Travailler avec PostgreSQL dans un environnement SAS Viya, c'est un peu comme faire cohabiter deux maniaques du rangement qui n'ont pas les mêmes règles. PostgreSQL est intransigeant sur la casse (minuscules/majuscules), tandis que SAS veut tout standardiser.

Si vous obtenez une erreur 'Table not found', ne cherchez pas un problème réseau. Dans 90% des cas, c'est un conflit de guillemets. Mon conseil ? Soyez explicites. Définissez vos schémas dans la connexion (CASLIB) et protégez vos noms de tables avec des guillemets doubles. C'est verbeux au début, mais c'est la seule façon de garantir des pipelines de données robustes et maintenables.

Si l'abstraction du niveau database.schema via la CASLIB est la règle générale dans Viya, PostgreSQL ajoute une couche de complexité supplémentaire : il est extrêmement pointilleux sur la casse (Case Sensitivity).

C'est là que la majorité des développeurs SAS© perdent leurs cheveux.

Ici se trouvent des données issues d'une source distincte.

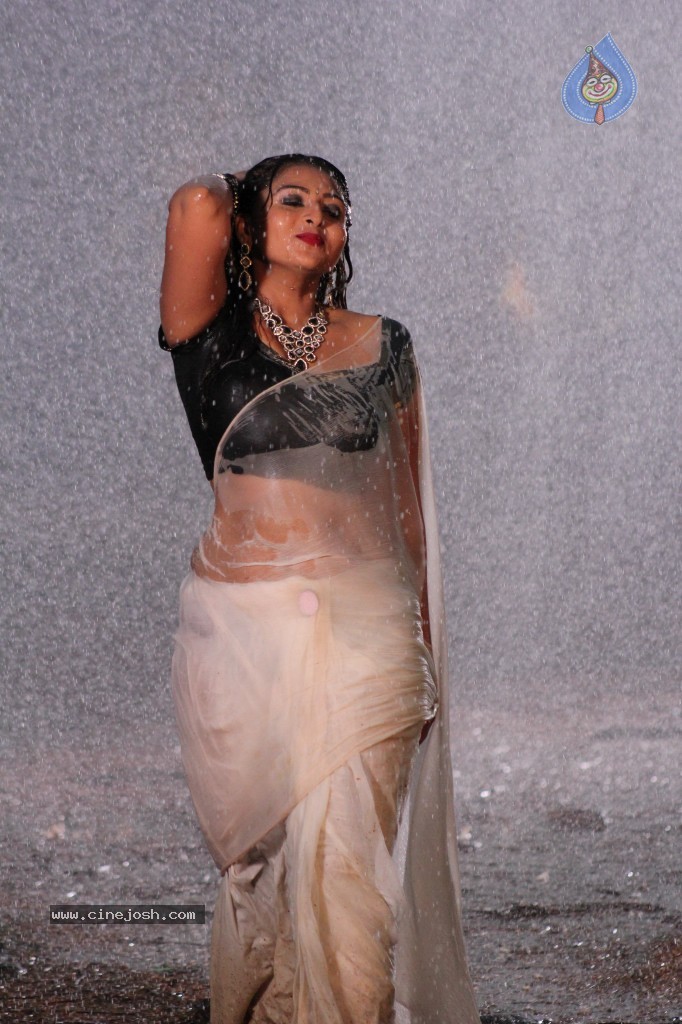 Samvritha Sunil Hot Stills - 34 / 45 photos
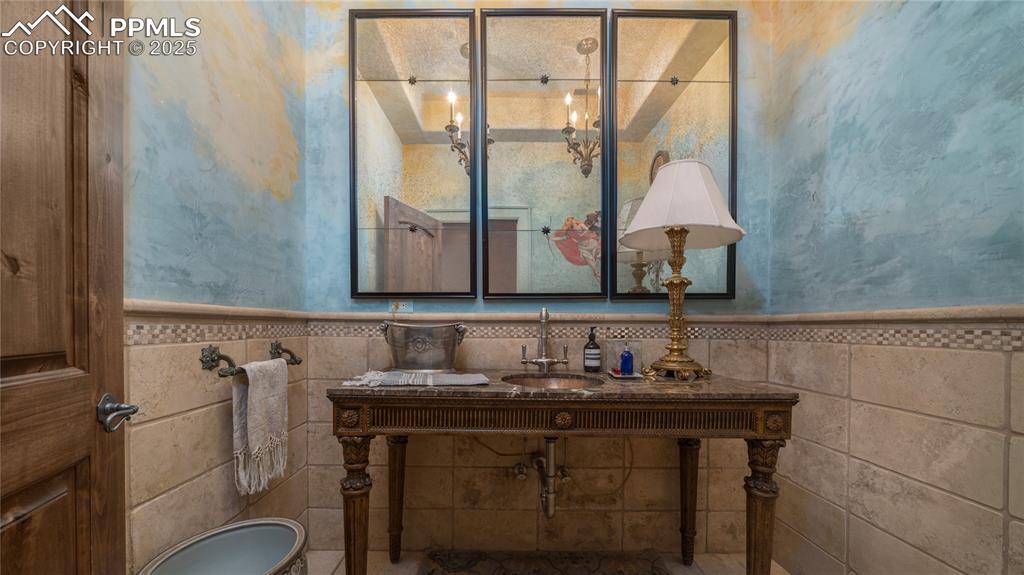 Image 15 of 42: Bathroom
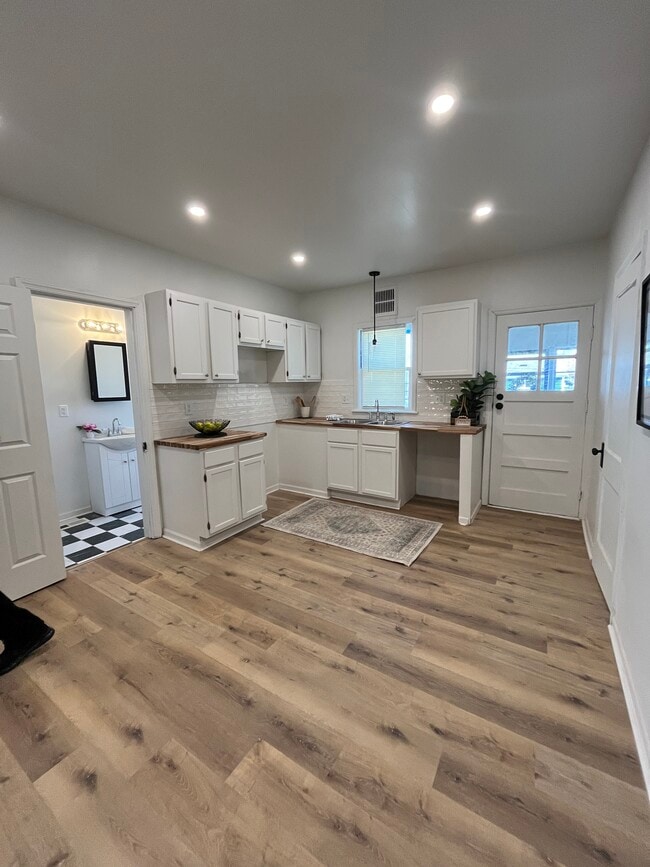 property at 128 E Lloyd St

Voici pourquoi ça coince et comment le résoudre.

Le Malentendu Fondamental

SAS© et PostgreSQL ne parlent pas la même langue par défaut :

  • SAS© (par défaut) : "Je mets tout en MAJUSCULES si on ne me dit rien."

  • PostgreSQL (par défaut) : "Je mets tout en minuscules si on ne me dit rien."

Le scénario catastrophe : Vous avez une table Postgres nommée ventes_2024 dans le schéma public. Vous lancez :

1select * from PG_LIB.ventes_2024
  1. SAS© lit ventes_2024, le convertit en VENTES_2024 et l'envoie au pilote.
  2. PostgreSQL reçoit VENTES_2024.
  3. PostgreSQL cherche une table VENTES_2024.
Erreur : Relation "VENTES_2024" does not exist. (Car la table s'appelle ventes_2024).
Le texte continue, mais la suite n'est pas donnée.